[Article approved by Sri Aurobindo and first
published in Mother India on May 27,
1950]
Recently a well-known leader of the scheduled
classes, announced his desire to embrace Buddhism because of the lot of the “untouchables”
in Hindu society - a lot which seemed to him a pointer to a lack in Hinduism of
the sense of human brotherhood. He also declared that if Hinduism bore the
caste system for several centuries it had failed “to yield anything substantive”.
According to him, Buddhism stands in striking contrast to this religion.
What
shall we say to these highly “allergic” criticisms? The institution of
untouchability was indeed a stain on the social scheme that had got established
in India. But with the advent of the modem age the conscience of the best
Hindus has always rebelled against it. As far back as the days of Ram Mohan Roy
the progressive movement started and reform organisations like the Brahmo-Samaj
and the Arya-Samaj fought untouchability for decades on end. The biggest uproar
against it came from a Hindu - Gandhi. And the Indian Constitution which
expresses a good deal of the contemporary Hindu mind has abolished untouchability.

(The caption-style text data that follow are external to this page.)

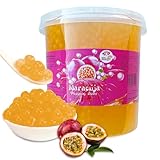 3KG Bubble Tea Perlen Maracuja - Bubbletea Boba Perlen Set - Natur&Vegan-...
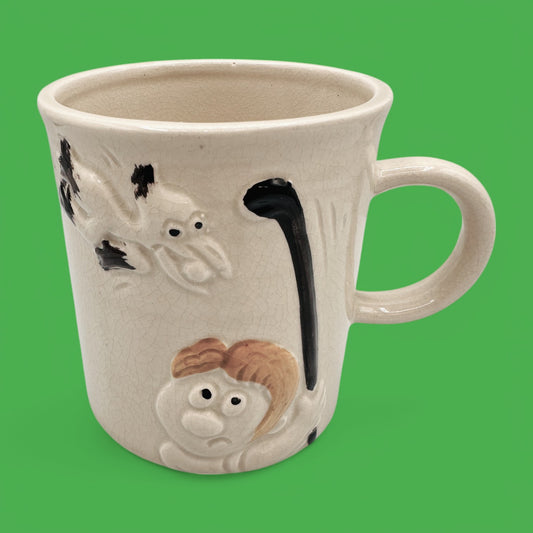 Vintage Golf Mug - Bird Stealing Ball - Japan Enesco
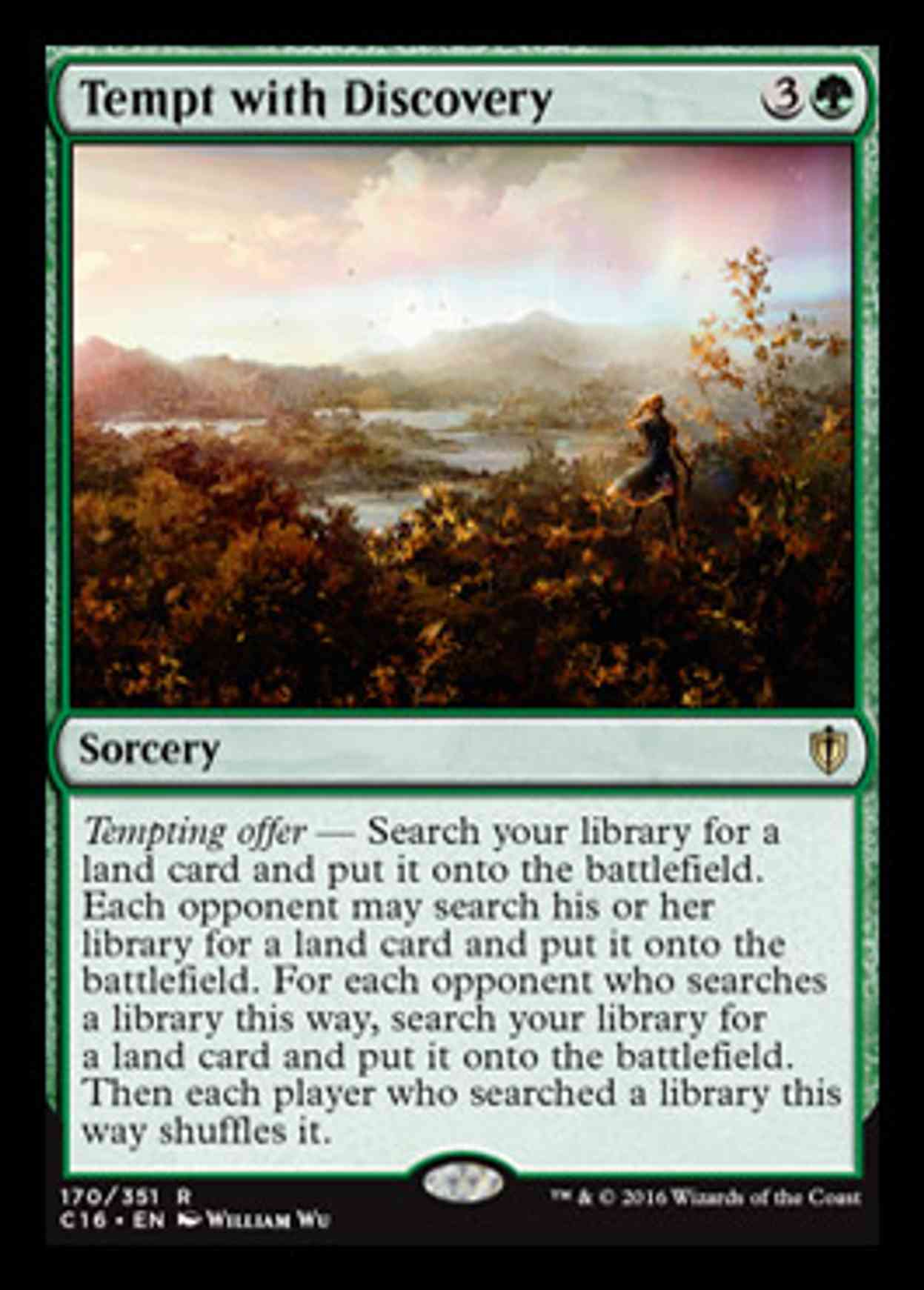 Tempt with Discovery magic card front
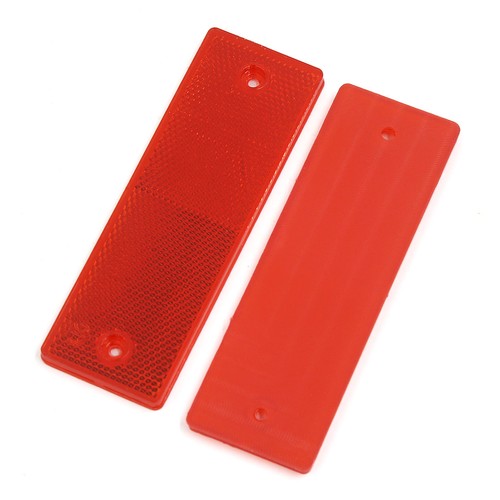 2pcs plastique rouge - , universel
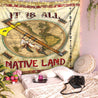 Native American Indigenous 3D All Over Printed Tapestry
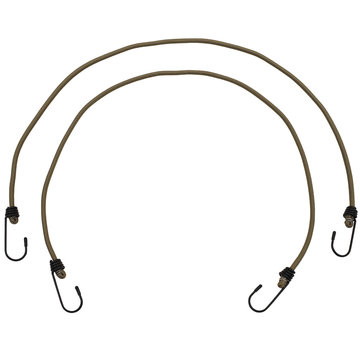 MFH MFH - Expander - 75 cm - mit Haken - 6 mm - coyote tan - 2er Pack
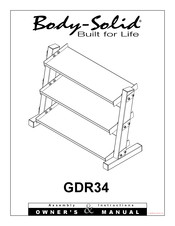 Body Solid GDR34 Assembly Instructions & Owner's Manual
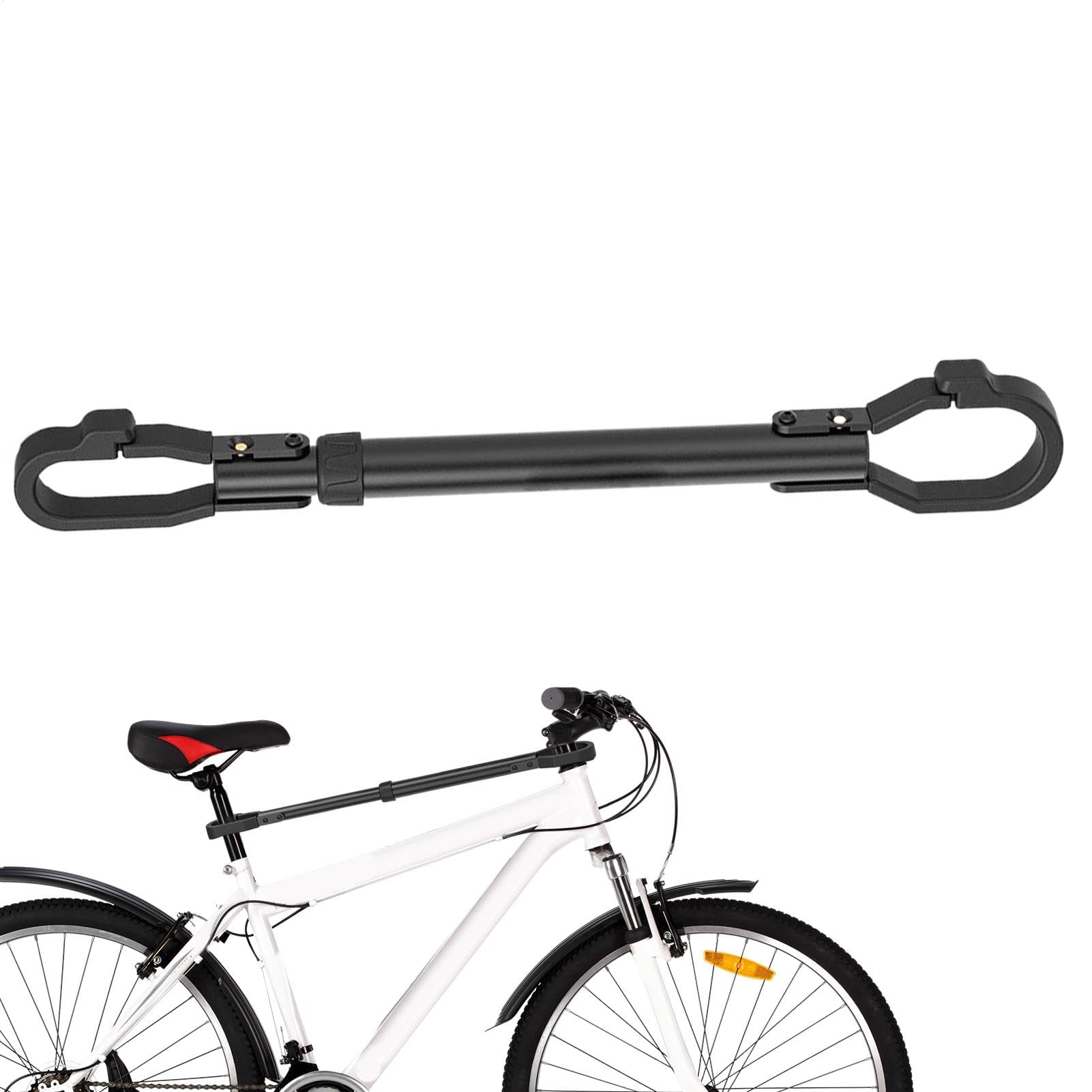 Fahrrad Oberrohr Querstange Rahmen, Fahrraddachträger Für Den Transport, Legierungstahl Verstellbarer Dachregalfahrradhalterung, Motorradlenkanleiter, Schleppstäbe Oberes Rohr Fahrrad Oberrohr Querstange Rahmen, Fahrraddachträger Für Den Transport, Legierungstahl Verstellbarer Dachregalfahrradhalterung, Motorradlenkanleiter, Schleppstäbe Oberes Rohr von Niesel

It is absurd to claim that untouchability is part and parcel of Hinduism. It is
certainly no part of those foundational scriptures of the Hindus: the Vedas,
the Upanishads and the Gita. In ancient India the castes were guilds for
different crafts and professions, with no odious distinctions or taboos. Later
they got rigid. In the days of India’s decline they became more and more obnoxious,
particularly by thrusting several millions outside the pale. But even when we
condemn the injustice to so many it is well to remember that injustice of this
type in general is not something peculiarly associated with Hindu society. Will
Durant, the famous American writer on civilisation and culture, pointedly asks:
“Does the attitude of a Brahmin to a Pariah differ, except in words, from that
of a British lord to a navvy, or a Park Avenue banker to an East Side huckster,
or a white man to a negro, or a European to an Asiatic?” What is clear from
Durant’s question is that there is a deplorable tendency in human nature
towards unjust discrimination. And a social structure with Buddhism as the religious
ingredient of it is as likely as a Hindu or a Christian society to become
gradually stratified and to develop superiorities and inferiorities. If Buddha
preached brotherhood, so did Christ and so did the ancient Hindu seers and
saints. In fact the essential oneness of all things, the basic equality of all
creatures was never so forcefully declared as by the mystics of Hinduism who
saw the Divine everywhere.
The Genuine and the Spurious in
Hinduism
In
viewing historical India, both past and present, It is necessary to distinguish
between the genuine and the spurious in the Hindu religion. Opposed to the
fear-infested, delusion darkened hotchpotch that is the masses’ spurious
Hinduism, there is the splendid many-sided unity of the genuine one, a grand harmony
of a thousand truths. Its fundamental tenet is the old Rig Vedic formula: “The
One whom the sages call by many names.” Unity and multiplicity, simplicity and
complexity, the supra-cosmic and the cosmic, the universal and the individual -
all these are blended together in Hinduism and express themselves in the large number
of aspects our country’s culture and social life possess. A million gods
revealing and concretising a million facets of the inexhaustible Divine and of the
infinite Eternal, a supreme trinity in - unity personalising the creative, preservative
arid destructive qualities of the Supra-cosmic putting forth the cosmos and incarnating
Himself again and again in the world, an ultimate Mother-force or Shakti
bringing out for manifestation the secrets of the one Lord and Master of all
existence - this is Hinduism. And it is also Hinduism that man can experience
and realise the Divine, become unified with the Infinite, act as a channel of
the Eternal, for man is in essence the Supreme and man’s nature can be through
Yoga a form of the Supreme’s dynamic. Hinduism recognises three Yogas to suit
the three types of men - the intellectual, the emotional, the kinetic - and the
Bhagwad Gita combines the three Yogas in a synthesis. What is more, it throws the
synthesis open to all without distinction. To realise the One everywhere and
see the One in the Many as well as the Many in the One is the goal of the Hindu
mystic, the climax of the Hindu religious experience. And Sri Krishna in the
Gita declares that even a Chandala, a scavenger, can become a knower of God and
stand with the highest.
In the
face of such a declaration and doctrine it is difficult to understand how
anybody could identify genuine Hinduism with an inflexible as well as tyrannous
caste system and the belief in untouchability. Beverley Nichols committed an
indeed mountainous “howler” when he said, after talking of reforming Hinduism,
that if by reform you knocked the caste system and untouchability out of it you
would find that there was nothing left to reform. But regrettably enough some
Hindus themselves have made too much of a song about the evil of untouchability.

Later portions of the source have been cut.